Reform on the Horizon?
So, how likely is regional or national licensure? On this matter, experts agree: Less than zero.

But DeAngelis reminds that national licensure isn’t the end all, be all of regulatory reform. She’s encouraged that the Model Law is helping stage regulators slowly—ever so slowly—converge toward common ground. Minds are opening, eyes are lifting, entrenched positions are softening. “No one has adopted the Model Law whole cloth,” she says, “but all jurisdictions use bits and pieces.” As laws inch toward uniformity, reciprocity (or its equivalent) becomes more likely, not less.

Tecala praises both the ASWB and NASW for leading the charge. “NASW has historically really fought hard on this licensure issue—in every state legislature.”

Kryzanek nods in agreement. “At ASWB, we talk about best practices in regulation and then the representatives go back to their home states and discuss ways of modifying existing standards. Progress in portability and uniformity is definitely being made. The outliers are disappearing over the long term.”

Kryzanek concedes the raw appeal of national licensure but adds that state control has its own logic, allowing a tailoring of laws to specific needs and also providing consumers with legal recourse.

Wong concurs: “A key issue is whether the social work practiced in rural Montana is the same practiced in San Francisco. We in California think it isn’t. When you work with different populations—rural farm vs. urban ghetto vs. Hopi Nation—how could it be the same?” A “one-size-fits-all” set of national standards, he says, would create its own problems, forcing states into rigid conformity and group-think—precisely what good social work is not about.

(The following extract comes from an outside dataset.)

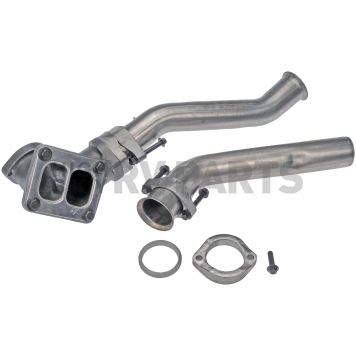 Dorman (OE Solutions) Turbocharger Up Pipe - 679-013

On the disaster response front, Hamilton notes that New York State has established Web- and print-based forums designed to keep licensed professionals abreast of response needs in the event of a future disaster. Apgar says her NASW New Jersey chapter has “really worked on strengthening our referral system through affiliation agreements with the major disaster service organizations.” And amid renewed threats from al-Qaeda, Weaver raises the idea of “national disaster reciprocity,” a system that would “waive more quickly and easily the licensure laws for people who are doing disaster relief work.”

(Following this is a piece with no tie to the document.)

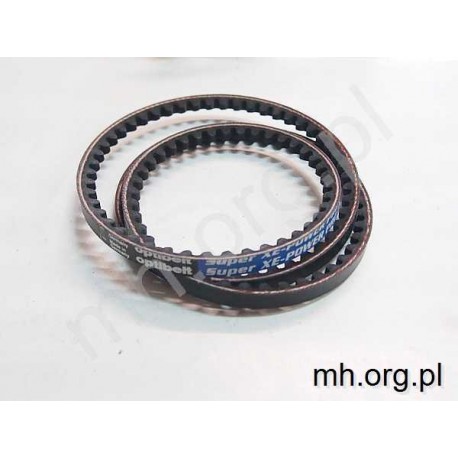 Pasek XPZ 1187 XE POWER - OPTIBELT Germany - XPZ1187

Aware of the many challenges, DeAngelis nevertheless remains hopeful. She’s particularly excited about the ASWB’s just-launched “credentials registry,” which would position the ASWB as a national clearinghouse to speed and simplify licensure. “What our credentials registry means for the social worker,” she says, “is that, for a modest fee, ASWB will register all of their prima facie original documentation—college transcripts, supervisory evaluations, work experience, and CEs. Thereafter, when you relocate to another state, we can help fast track your application.” She says that “instantaneously” faxed official verification to state boards would eliminate needless delays and snail-mailed responses. Before this concept can become reality, however, more persuasion is needed. “We can’t get every state board to sign onto this fast-track process right away,” DeAngelis says. “They’re resistant to change. They don’t want to let go of their authority.”

Which leads to the final question: What can individual social workers do?

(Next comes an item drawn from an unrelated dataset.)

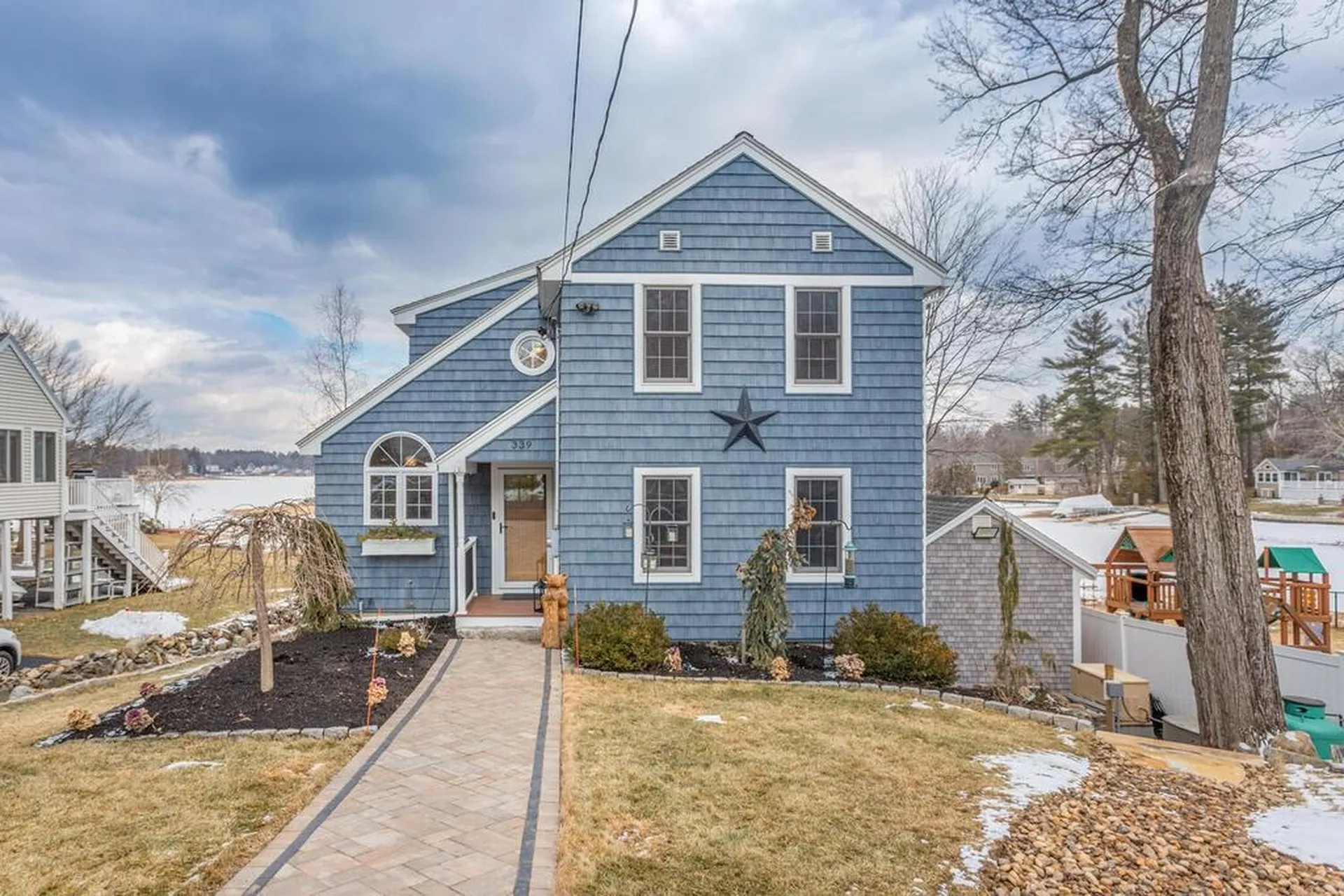 339 Shore Drive Salem NH 03079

“The ASWB can’t be the tail that wags the dog,” Kryzanek says. “Social workers really need to get involved at every level.” Adds DeAngelis, “If social workers want change, they should lobby their legislatures and get involved with their local NASW chapters or with their clinical societies. Social workers have a proud history of organizing, lobbying, and advocating. Now is the time to redouble our efforts.”

Ultimately, the future of social work reform rests not in a dark legislative chamber but rather in each of our hands. Whatever direction it takes, reform begins with us.

— Matthew Robb, MSW, LCSW-C is a social worker and freelance writer residing in suburban Washington, DC.